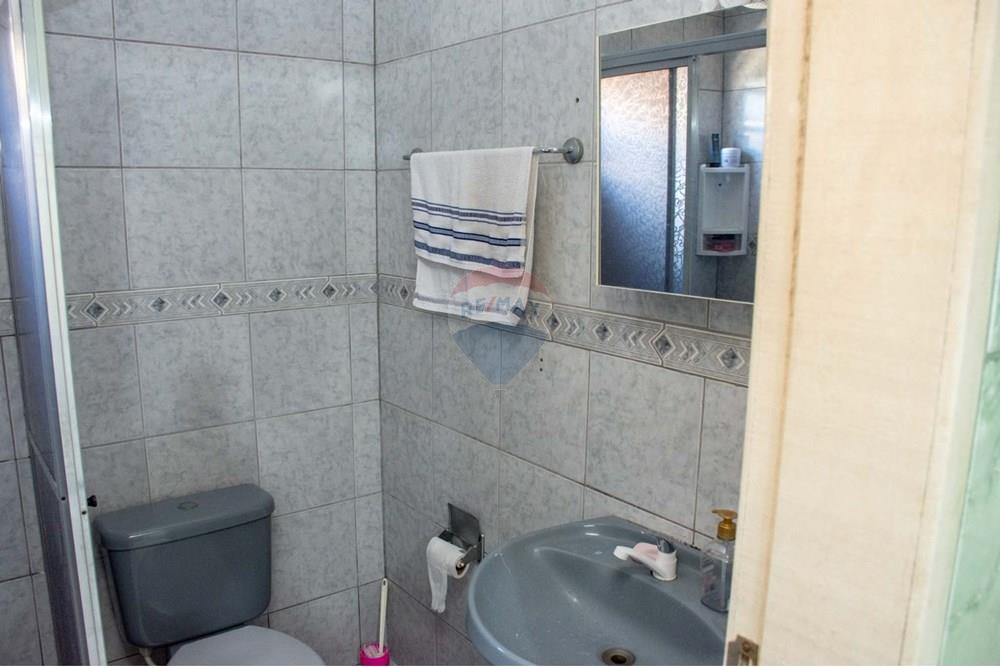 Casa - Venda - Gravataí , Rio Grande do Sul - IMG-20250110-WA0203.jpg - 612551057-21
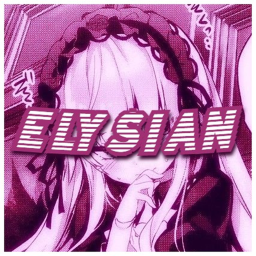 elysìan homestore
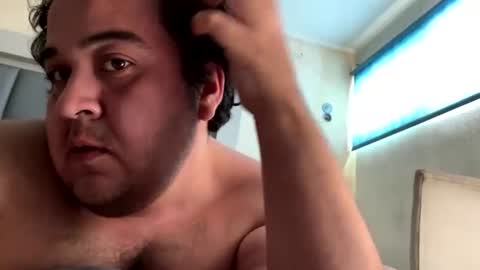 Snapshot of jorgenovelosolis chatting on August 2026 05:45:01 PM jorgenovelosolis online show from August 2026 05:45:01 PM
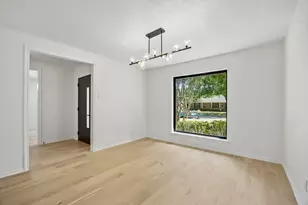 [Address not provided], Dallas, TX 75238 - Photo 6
---
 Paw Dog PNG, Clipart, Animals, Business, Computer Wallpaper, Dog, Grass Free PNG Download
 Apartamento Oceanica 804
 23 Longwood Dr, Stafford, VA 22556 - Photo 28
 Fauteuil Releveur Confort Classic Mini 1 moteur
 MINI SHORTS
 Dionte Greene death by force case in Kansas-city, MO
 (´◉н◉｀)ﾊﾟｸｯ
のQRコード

● YOUR GOAL: Copy only this from above: the line containing "Casa - Venda", the line containing "[Address not provided], Dallas, TX", and all lines between, printed exactly. Leave out the pictures.

● OUTPUT BELOW:
 Casa - Venda - Gravataí , Rio Grande do Sul - IMG-20250110-WA0203.jpg - 612551057-21
 elysìan homestore
 Snapshot of jorgenovelosolis chatting on August 2026 05:45:01 PM jorgenovelosolis online show from August 2026 05:45:01 PM
 [Address not provided], Dallas, TX 75238 - Photo 6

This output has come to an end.